▶ _Directions for this task_
Copy every record exactly as it stands. Leave the pictures out.

★ ★ ★ ★ ★

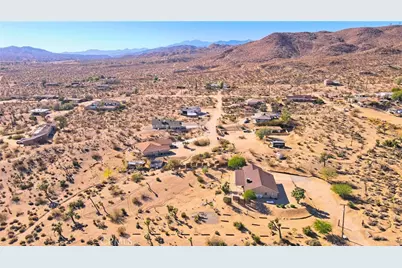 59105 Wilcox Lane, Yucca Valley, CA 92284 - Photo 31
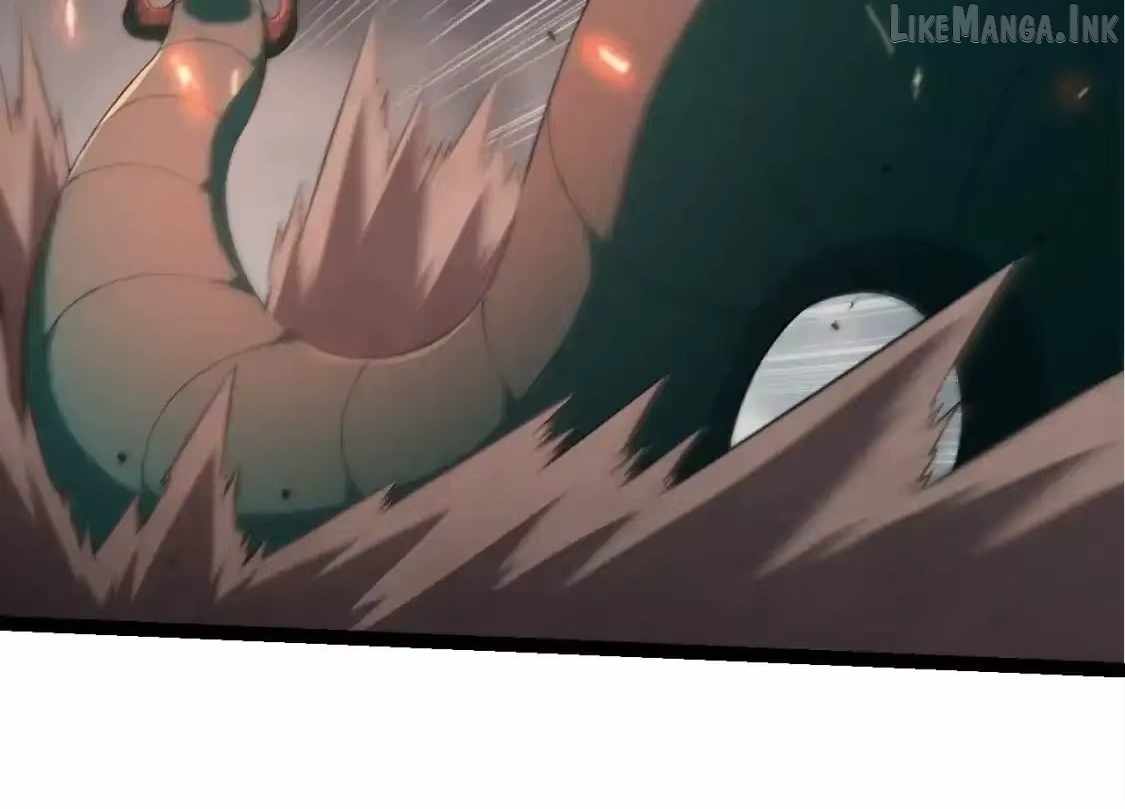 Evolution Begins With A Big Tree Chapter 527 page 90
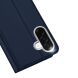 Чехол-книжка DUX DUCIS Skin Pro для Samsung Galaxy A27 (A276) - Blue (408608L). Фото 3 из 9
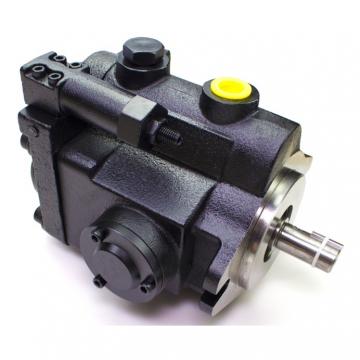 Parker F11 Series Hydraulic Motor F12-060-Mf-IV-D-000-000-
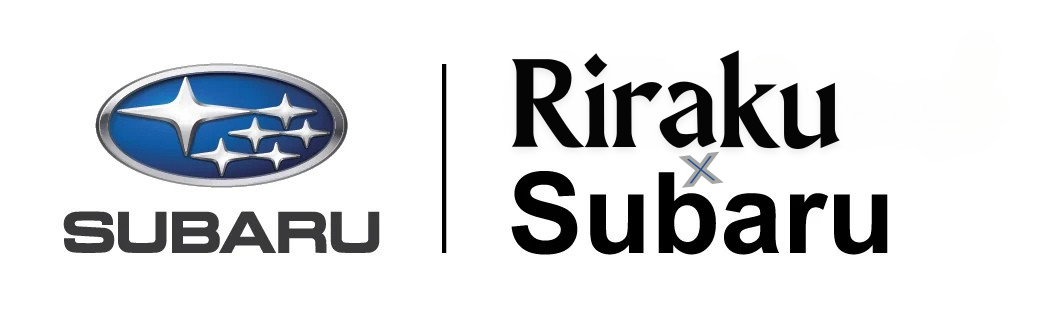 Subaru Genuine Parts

★ ★ ★ ★ ★

▶ _Task response_
 59105 Wilcox Lane, Yucca Valley, CA 92284 - Photo 31
 Evolution Begins With A Big Tree Chapter 527 page 90
 Чехол-книжка DUX DUCIS Skin Pro для Samsung Galaxy A27 (A276) - Blue (408608L). Фото 3 из 9
 Parker F11 Series Hydraulic Motor F12-060-Mf-IV-D-000-000-
 Subaru Genuine Parts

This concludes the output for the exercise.